Los cuentos de verano dejan de existir apenas el lector pasa la página, pero la invención de Jordá sobrevivirá

Día 27/07/2010 - 23.20h
Cada vez que llega el verano, los medios de prensa nos piden a los escritores relatos de asunto estival, que a ser posible transcurran en cruceros, islas tropicales o playas polinésicas. Hasta ahí, normal. El problema surge si además te imponen un género tipo erótico, policial o esotérico. Cuando la Orden del Temple se puso de moda recuerdo que fue todo un reto, porque hasta entonces nadie había escrito relatos templarios de verano. En fin, lo que hay que hacer para llegar a fin de mes.
Sin embargo, aunque nadie escribe cuentos veraniegos para ser recordado, me gustaría elogiar una historia maravillosa que el escritor Eduardo Jordá ha colgado en «Terra Incógnita», el blog que lleva en www.fronterad.es. Es tan breve que la puedo glosar entera: «Bob Dylan iba caminando por la calle, y escuchó a un grupo de jóvenes tocando “Knockin’ on Heaven’s Door” en un jardín, y se asomó, y escuchó una melodía que le gustaba aunque ya no sabía muy bien de qué le sonaba, y entonces oyó a alguien que gritaba: “¡Eh, tú, largo de aquí!”, y Dylan, obediente, se fue y continuó su camino, tarareando la melodía que acababa de oír y que no lograba identificar, mientras pensaba que le hubiera encantado escribir aquella canción».
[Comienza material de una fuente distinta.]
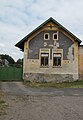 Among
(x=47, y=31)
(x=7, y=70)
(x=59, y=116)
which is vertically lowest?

En julio de 2009, los vecinos de Long Branch, New Jersey, alertaron a la policía porque un hombre mayor más bien sucio, desaliñado y excéntrico merodeaba por sus casas. Los agentes arrestaron al vagabundo y —por supuesto— no le creyeron cuando el pellejo indocumentado juró que era Bob Dylan. Esta sí que es una historia verdadera, y Eduardo Jordá ha jugado con ella para persuadirnos de su verosimilitud. Quizás no fue así, pero seguro que a Bob Dylan le habría hecho gracia.
Como la literatura consiente las simetrías y las repeticiones (la frase es de Borges), Robert Graves escribió un poema en el que Alejandro no muere en Babilonia a los 33 años, porque deserta de su propio ejército y vaga por tundras y desiertos hasta que divisa una fogata, donde guerreros de tez amarilla lo acogen y lo invitan a formar parte de la hueste. Muchos años y saqueos más tarde, una moneda de cobre lo inquieta, porque recuerda que él mismo la mandó acuñar para conmemorar la victoria de Arbela, cuando era emperador de Macedonia. De pronto el combate lo reclama y Alejandro Magno vuelve a ser un mercenario chino, mongol o tártaro.
La historia de Eduardo Jordá no ha recibido ni un sólo comentario en el blog de FronteraD, pero a mí me gustaría agradecerle los siglos de literatura que atesora y la generosidad de haberla escrito. La mayoría de los cuentos de verano deja de existir apenas el lector pasa la página, pero algo me dice que la invención de Jordá sobrevivirá varios otoños e inviernos, porque su mecanismo es literario y nuestra perplejidad es la misma que arrasó a Dylan y Alejandro. Como la del gaucho del cuento de Borges, que moría para que se repitiera el asesinato de Julio César.
Y ahora regreso al internado para vampiros del cuento de verano que tengo que entregar mañana.